The most common word I hear from the 2-year-olds in my daycare is "Mine!". At this stage of their lives, this is a completely acceptable way to say, "I'm playing with this right now. Don't take it from me!" As mentioned in the "Time-outs for Toddlers" post, grabbing toys is the biggest offence in the daycare by far. And from the earliest days of running the daycare, I have had a 'no grabbing' policy. I know that there are other ways to handle this situation, one of them being to distract the toddler who just lost their toy, perhaps with another toy. I know also that the toddlers probably can't conceptualize why grabbing is wrong. Still, I am very stubborn when it comes to providing an environment of fairness when it comes to the daycare, even if they don't get the bigger picture yet. Some may argue that this is unrealistic, since the world often isn't fair. I figure they have plenty of time to learn about the big bad world. For now, I can do my part in teaching them to value fairness, and to respect their peers. This is not to say I have been that successful in minimizing the grabbing attempts; they come by it honestly, being 2-years-old and all.
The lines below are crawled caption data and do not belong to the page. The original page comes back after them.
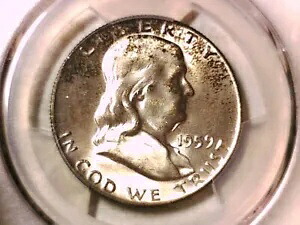 1959 P フランクリン ハーフダラー PCGS MS 65 \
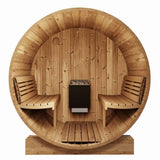Sauna Life SaunaLife 6 Person 7' Long Barrel Sauna | Ergo Model E8 SL-MODELE8G Barrel Sauna Topture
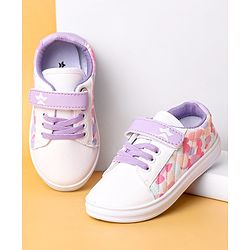 Cute Walk by Babyhug with Velcro Closure Casual Shoes - Purple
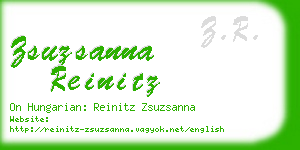 zsuzsanna reinitz business card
But they are more able to change their behaviour with verbal reminders now. (It is extremely rare for one of the tots to receive a time-out for not releasing their vice grip after a few warnings.) I have created the following list of techniques for dealing with this issue when managing a group of young children.


Ideas and Techniques
  • Always look for the intention behind the behaviour. If you're not sure, make a guess given the information you have. For example, if a child has just grabbed a toy from his peer, what could be his motive? Is it because he really wants to play with the toy? Is it because he wants to play with his peer and can't find a better way to show it? Is it purely to see the strong reaction he can get from his peer, or from the caregiver? Is it because he thinks the toy belongs to him? (Maybe it does, but he still has to learn to share!)
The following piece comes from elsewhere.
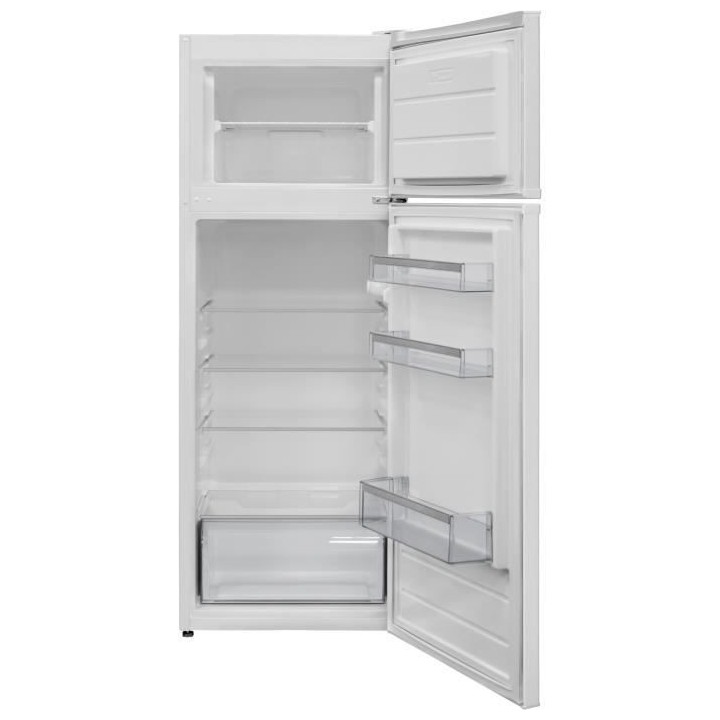 OCEANIC - Réfrigérateur 2 portes - 212L - Froid statique - Blanc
  • When possible, do the following techniques after the 1-2-3 warning outlined in the "Time-out for Toddlers" post.
  • If you think it's because the child really wants to play with the toy, promise him a chance "in 2 minutes".  Inform the group (in a loud and clear voice) that it will be Bobby's turn in 2 minutes. After about a minute, remind both kids that it will be Bobby's turn in one more minute. After about another minute, you can say something like, "Okay, it's Bobby's turn. Johnny, give the truck to Bobby now." (Nine times out of ten this technique works perfectly. Both children feel like you've respected their wants.) If Johnny is sad at having to give the toy to Bobby, repeat the technique, telling both that it will be Johnny's turn again in 2 minutes.
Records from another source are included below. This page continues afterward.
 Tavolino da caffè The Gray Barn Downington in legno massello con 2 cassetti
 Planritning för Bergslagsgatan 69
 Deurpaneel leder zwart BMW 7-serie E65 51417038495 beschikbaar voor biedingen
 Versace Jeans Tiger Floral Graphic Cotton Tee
  • If you think it's because Bobby really wants to play with John suggest a way that they can play together. Perhaps Bobby can help John load his truck up. Perhaps Bobby can get a different truck (for example) and drive his truck behind John and his truck. Perhaps Bobby can just watch what John is doing. (I always try this last approach when one child tries to grab a book from another. If they don't touch, they can sit beside their peer and look at the pages with them.) Still, if a child truly wishes to play alone, I believe she should have the right to do so. The best thing to do in this case is to tell Bobby that John wants to play by himself right now, and show him another toy or peer (a fair distance away) that he can play with. He may not fall for the distraction, and show displeasure at this, but this is his only option at this point.
  • If you think the child is grabbing a toy to get a reaction from either his peer or yourself, simply follow the "1-2-3-time-out" approach outlined in the "Time-outs for Toddlers" post. Make sure your reaction and deliverance of the technique is low-key, so you don't reinforce the behaviour. At other times encourage other methods of interaction the toddler can use (e.g. "Hi John", high-five, getting different toys and playing with John).
  • Often, a child who attends the daycare will bring a toy from home. When this happens, there is an immediate swarming effect from the group, like a pack of hounds around a slab of meat. I think in this situation, it is best to let the child who brought the toy have the first turn. Then, follow the 2-minute turn approach outlined in point #3, for the whole group. 
  • Anytime you see a child choosing a different approach than grabbing (e.g. asking, watching), praise the behaviour. Make sure the whole group knows how proud you are that the child put in the effort to try a more positive and respectful behaviour, even though he really wanted the toy right away.